• **TASK OBJECTIVE**
Lines from the one with "balluff-btl5-s112b-m0500-k-sr32" up to and including the one with "Display Homes at" are to be copied exactly from the records below, without their pictures.

PROVIDED DATA Start Marker

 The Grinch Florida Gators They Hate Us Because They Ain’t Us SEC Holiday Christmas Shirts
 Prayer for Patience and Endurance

PROVIDED DATA End Marker
PROVIDED DATA Start Marker

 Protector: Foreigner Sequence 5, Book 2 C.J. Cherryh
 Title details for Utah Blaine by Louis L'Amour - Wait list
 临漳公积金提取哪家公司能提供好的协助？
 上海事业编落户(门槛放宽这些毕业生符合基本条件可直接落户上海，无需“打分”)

PROVIDED DATA End Marker
PROVIDED DATA Start Marker

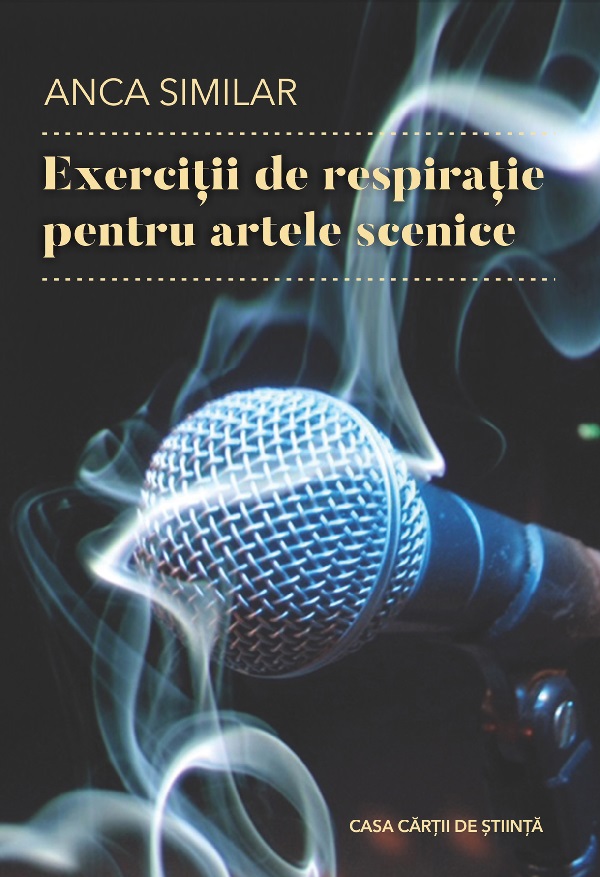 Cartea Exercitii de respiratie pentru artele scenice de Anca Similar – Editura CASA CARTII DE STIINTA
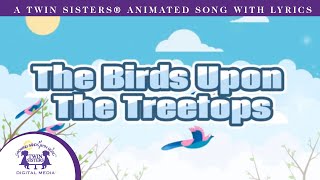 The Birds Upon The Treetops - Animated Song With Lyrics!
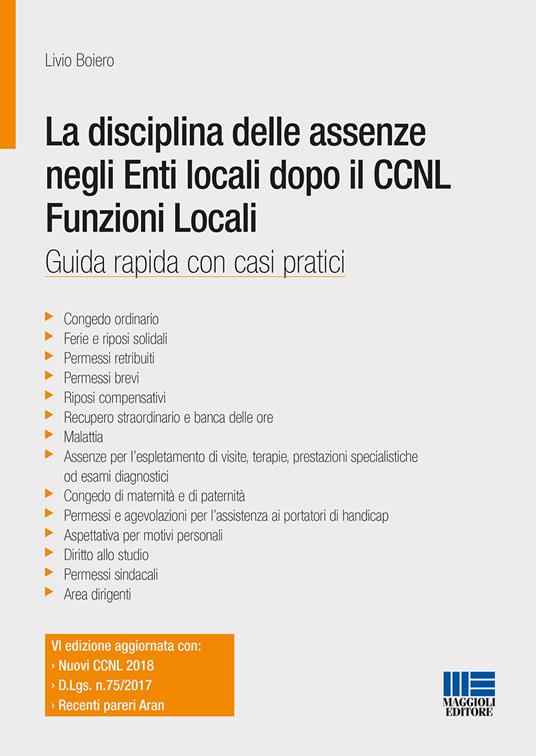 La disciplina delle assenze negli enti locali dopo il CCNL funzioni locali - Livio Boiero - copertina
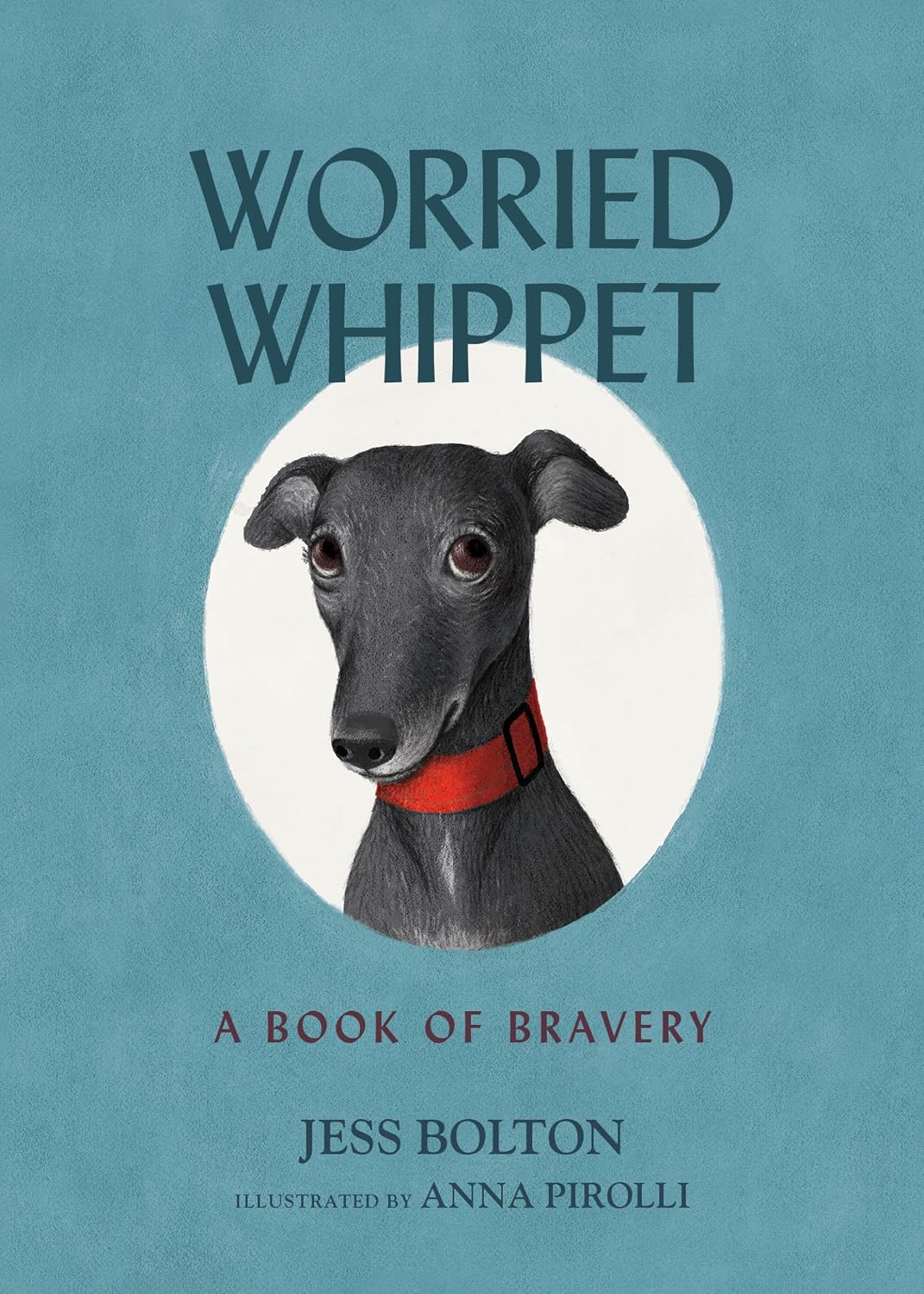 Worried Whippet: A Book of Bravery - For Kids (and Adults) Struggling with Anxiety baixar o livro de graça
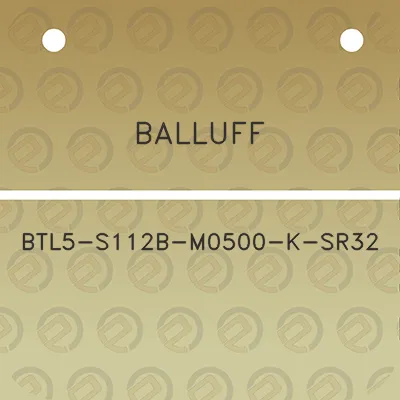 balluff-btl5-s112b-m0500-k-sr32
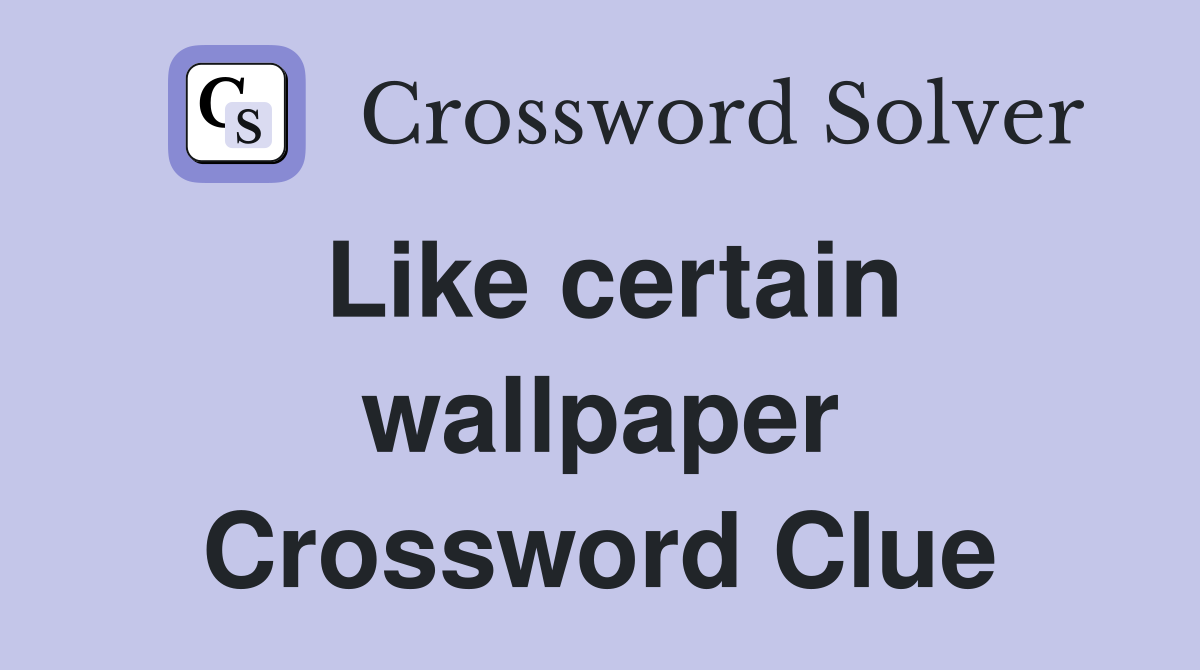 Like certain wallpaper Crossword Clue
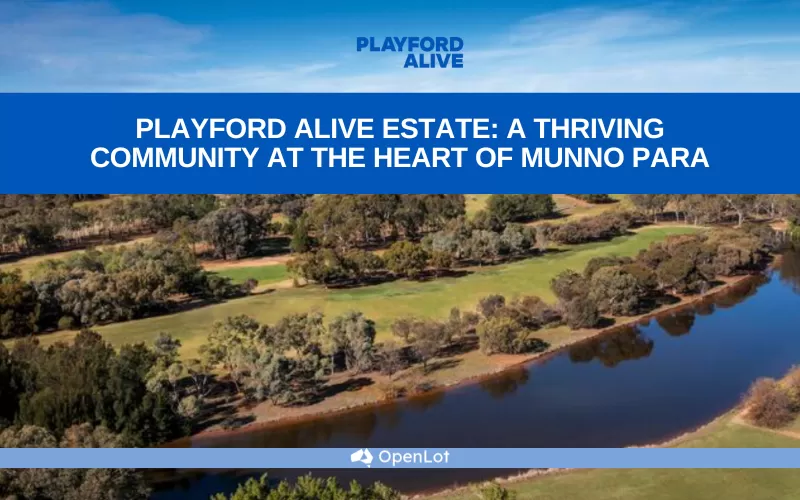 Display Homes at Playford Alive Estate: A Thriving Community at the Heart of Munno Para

PROVIDED DATA End Marker

• **YOUR SOLUTION**
 balluff-btl5-s112b-m0500-k-sr32
 Like certain wallpaper Crossword Clue
 Display Homes at Playford Alive Estate: A Thriving Community at the Heart of Munno Para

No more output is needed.